* **Given information**
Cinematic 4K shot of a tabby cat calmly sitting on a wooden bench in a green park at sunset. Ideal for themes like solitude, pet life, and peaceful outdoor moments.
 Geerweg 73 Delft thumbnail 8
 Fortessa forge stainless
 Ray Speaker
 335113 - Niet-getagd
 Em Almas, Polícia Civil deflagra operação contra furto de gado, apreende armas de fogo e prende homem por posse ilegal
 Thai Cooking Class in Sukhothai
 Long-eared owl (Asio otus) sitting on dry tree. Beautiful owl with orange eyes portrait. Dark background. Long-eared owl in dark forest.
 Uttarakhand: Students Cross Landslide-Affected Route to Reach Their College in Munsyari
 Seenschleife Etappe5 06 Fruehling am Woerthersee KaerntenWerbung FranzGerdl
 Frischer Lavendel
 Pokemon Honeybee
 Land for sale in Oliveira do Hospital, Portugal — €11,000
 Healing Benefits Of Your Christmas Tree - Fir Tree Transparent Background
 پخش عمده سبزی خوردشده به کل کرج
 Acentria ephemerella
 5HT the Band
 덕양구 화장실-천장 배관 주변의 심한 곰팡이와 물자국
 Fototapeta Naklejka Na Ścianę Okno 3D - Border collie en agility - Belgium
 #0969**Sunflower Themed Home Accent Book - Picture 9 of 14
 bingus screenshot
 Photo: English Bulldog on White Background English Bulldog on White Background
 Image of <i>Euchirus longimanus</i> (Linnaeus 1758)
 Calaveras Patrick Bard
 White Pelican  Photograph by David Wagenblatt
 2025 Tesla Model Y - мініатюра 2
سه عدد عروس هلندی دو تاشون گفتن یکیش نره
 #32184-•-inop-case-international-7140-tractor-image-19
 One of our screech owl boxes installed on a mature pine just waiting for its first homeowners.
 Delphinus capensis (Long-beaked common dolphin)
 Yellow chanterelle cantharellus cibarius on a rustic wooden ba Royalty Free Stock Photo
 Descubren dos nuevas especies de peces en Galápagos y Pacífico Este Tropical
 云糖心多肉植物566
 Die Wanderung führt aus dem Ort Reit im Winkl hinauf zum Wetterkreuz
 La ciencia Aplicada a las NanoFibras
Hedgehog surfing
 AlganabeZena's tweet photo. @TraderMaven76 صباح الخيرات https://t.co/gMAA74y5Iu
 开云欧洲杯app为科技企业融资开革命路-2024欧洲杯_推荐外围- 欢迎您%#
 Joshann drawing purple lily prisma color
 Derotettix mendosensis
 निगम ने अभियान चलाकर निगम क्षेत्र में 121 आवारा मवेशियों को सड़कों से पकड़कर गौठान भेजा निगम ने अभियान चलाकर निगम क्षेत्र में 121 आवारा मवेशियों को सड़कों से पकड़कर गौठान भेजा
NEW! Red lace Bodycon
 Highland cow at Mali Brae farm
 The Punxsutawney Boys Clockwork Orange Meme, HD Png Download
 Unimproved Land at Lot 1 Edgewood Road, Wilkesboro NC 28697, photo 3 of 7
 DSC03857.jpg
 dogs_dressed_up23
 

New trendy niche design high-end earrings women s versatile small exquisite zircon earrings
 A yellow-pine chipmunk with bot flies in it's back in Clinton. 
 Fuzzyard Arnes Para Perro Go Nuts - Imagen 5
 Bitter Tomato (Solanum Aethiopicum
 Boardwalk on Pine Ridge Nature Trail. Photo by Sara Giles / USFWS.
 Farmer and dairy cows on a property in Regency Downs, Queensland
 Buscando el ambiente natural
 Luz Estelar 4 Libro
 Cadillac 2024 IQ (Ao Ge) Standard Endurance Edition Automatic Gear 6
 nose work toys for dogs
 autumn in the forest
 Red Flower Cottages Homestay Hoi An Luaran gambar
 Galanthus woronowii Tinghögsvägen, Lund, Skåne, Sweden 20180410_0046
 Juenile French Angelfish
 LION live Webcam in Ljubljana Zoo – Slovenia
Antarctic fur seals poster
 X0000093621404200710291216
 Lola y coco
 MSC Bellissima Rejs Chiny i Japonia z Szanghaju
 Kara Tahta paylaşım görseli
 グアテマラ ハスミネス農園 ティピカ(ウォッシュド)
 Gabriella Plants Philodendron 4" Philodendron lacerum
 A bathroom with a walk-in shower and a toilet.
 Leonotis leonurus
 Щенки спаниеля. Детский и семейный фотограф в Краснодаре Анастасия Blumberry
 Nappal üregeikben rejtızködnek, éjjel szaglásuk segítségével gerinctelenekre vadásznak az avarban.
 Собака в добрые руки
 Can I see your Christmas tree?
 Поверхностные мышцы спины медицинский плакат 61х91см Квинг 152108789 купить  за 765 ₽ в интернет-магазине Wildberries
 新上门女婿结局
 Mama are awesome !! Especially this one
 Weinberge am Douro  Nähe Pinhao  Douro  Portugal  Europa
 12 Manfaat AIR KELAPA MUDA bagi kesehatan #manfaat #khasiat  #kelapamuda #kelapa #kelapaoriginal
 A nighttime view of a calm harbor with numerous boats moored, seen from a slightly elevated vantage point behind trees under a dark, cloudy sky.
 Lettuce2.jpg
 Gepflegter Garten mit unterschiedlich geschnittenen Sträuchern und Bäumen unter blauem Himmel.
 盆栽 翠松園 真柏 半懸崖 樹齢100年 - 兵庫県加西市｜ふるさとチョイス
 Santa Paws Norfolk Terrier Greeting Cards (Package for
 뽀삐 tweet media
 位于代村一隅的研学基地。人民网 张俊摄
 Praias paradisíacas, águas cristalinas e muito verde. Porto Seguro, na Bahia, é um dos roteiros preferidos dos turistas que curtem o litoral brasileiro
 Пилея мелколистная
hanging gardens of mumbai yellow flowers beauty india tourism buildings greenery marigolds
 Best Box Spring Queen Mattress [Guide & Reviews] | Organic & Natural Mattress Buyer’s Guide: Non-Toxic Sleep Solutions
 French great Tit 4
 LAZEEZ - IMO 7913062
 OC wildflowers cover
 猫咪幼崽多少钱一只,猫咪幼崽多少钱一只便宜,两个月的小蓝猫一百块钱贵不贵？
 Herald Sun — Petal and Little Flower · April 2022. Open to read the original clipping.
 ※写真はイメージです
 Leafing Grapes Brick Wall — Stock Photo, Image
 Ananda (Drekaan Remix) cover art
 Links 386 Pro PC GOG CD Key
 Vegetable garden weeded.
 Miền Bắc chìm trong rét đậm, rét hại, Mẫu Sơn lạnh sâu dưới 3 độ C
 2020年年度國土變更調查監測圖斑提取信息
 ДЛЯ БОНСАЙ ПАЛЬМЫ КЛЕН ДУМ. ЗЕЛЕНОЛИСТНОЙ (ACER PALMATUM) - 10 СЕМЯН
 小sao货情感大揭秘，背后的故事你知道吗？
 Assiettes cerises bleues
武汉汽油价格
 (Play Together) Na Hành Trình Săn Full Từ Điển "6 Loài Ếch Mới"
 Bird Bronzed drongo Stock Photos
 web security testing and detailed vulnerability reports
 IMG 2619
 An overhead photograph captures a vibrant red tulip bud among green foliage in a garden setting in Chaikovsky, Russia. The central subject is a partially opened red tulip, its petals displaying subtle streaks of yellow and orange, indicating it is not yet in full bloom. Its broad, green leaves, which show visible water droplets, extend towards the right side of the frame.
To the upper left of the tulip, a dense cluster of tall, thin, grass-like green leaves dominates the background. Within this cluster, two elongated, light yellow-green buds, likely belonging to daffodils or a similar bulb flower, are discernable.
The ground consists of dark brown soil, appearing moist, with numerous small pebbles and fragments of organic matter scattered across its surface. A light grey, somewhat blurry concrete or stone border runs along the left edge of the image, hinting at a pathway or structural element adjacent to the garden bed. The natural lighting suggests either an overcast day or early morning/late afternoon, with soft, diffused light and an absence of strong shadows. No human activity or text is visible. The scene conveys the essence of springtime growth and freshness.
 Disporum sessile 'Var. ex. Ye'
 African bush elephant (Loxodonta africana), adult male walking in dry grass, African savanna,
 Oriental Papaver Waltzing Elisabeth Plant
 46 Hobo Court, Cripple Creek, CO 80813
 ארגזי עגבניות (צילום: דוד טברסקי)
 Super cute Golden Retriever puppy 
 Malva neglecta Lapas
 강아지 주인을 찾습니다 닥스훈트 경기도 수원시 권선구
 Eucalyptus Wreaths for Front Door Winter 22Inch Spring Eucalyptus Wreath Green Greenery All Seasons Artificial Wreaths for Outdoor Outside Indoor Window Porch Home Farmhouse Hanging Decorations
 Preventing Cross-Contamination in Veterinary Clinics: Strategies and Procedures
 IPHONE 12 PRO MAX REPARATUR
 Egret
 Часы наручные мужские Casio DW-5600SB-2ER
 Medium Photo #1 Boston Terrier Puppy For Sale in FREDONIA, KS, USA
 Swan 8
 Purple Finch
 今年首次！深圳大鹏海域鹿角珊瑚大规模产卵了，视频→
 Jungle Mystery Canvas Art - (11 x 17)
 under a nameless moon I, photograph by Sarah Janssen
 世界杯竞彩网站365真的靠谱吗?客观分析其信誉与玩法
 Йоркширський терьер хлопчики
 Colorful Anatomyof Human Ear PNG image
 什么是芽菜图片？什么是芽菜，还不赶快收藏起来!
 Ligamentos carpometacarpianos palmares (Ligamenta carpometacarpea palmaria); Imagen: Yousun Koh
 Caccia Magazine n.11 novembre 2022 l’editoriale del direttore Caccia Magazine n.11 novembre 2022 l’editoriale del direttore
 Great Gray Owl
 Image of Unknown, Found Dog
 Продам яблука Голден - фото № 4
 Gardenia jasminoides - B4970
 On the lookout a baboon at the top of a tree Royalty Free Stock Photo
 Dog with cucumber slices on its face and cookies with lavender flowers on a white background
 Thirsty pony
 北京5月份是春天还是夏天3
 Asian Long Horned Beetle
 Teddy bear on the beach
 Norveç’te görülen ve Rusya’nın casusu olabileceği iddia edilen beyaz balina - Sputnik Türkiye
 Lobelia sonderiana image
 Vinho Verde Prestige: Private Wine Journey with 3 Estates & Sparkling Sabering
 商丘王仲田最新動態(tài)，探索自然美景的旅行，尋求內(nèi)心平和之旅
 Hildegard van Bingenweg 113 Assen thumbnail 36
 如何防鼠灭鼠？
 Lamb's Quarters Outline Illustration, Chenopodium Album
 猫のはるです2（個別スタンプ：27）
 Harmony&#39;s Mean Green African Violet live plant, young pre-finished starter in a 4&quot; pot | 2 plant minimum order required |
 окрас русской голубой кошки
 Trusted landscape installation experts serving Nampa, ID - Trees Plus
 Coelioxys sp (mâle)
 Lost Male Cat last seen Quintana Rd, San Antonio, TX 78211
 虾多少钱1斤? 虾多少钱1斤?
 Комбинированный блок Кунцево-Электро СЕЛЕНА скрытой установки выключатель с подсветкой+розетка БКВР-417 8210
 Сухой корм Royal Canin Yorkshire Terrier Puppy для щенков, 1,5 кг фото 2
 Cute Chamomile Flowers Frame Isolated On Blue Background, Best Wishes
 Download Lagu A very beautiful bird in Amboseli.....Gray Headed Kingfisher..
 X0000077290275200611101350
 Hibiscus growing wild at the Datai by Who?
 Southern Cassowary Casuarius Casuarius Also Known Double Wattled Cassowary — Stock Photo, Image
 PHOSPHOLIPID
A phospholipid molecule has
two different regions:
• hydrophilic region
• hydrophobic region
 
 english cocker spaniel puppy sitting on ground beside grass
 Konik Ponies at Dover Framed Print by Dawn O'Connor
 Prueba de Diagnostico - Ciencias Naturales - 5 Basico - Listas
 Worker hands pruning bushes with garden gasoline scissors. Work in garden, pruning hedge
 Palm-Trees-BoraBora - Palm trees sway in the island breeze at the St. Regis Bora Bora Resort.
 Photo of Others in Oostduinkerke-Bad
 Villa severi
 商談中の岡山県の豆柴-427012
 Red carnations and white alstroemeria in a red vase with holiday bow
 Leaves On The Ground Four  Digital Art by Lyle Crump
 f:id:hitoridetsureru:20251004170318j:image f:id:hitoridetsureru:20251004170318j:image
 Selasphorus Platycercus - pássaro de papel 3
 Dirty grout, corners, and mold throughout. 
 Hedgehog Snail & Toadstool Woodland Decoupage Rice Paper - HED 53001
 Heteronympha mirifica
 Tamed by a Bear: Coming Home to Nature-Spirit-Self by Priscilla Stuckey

* **To do**
Filter the material above down to the lines that hold the word "cover".

* **Expected answer**
 OC wildflowers cover
 Ananda (Drekaan Remix) cover art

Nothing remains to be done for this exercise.